Yuqifan1117 / CaCao

This is the official repository for the paper "Visually-Prompted Language Model for Fine-Grained Scene Graph Generation in an Open World" (Accepted by ICCV 2023)
40 stars 5 forks source link

Dataset used for predicate extraction #10

Closed Yassin-fan closed 10 months ago

Yassin-fan commented 10 months ago

Hello, when I read triplet_extraction.py, I found that for the triplet extraction dataset processing, only coco/image_caption.json was processed and the data was saved in "total_image_region_triplets.json", the cc3m dataset mentioned in the paper has not been used.

In addition, the vg/region_descriptions.json data is additionally processed and saved in "image_caption_triplet.json".

I checked the two json files in the folder "dataset" and their images also correspond to the coco dataset.

My questions are:

  1. Is the cc3m data set abandoned? Switch to using vg dataset for supplementation? If so, when augmenting the vg dataset,the model can be considered to have been trained on this data in advance?
  2. Is the coco/image_caption.json file directly merged from the training and evaluation data sets of the 2014 version?

Tnanks for your help!

Yuqifan1117 commented 10 months ago

Thanks!

  1. We collect data directly from the Internet.

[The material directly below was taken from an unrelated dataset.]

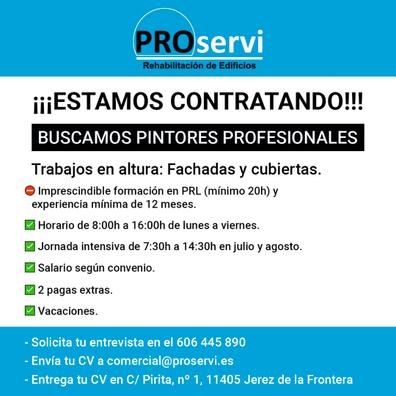 Pintor profesional trabajos en altura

Owing to COCO's labeling being more clear and more accurate, we finally use the COCO dataset. The region_descriptions.json is just used to explore the quality of the dataset, while we don't use it for supplement training (not contained in image_caption_triplet_all.json that is used for CaCao training).
  2. Yes, we merge the training data sets of the 2014 version into image_caption.json.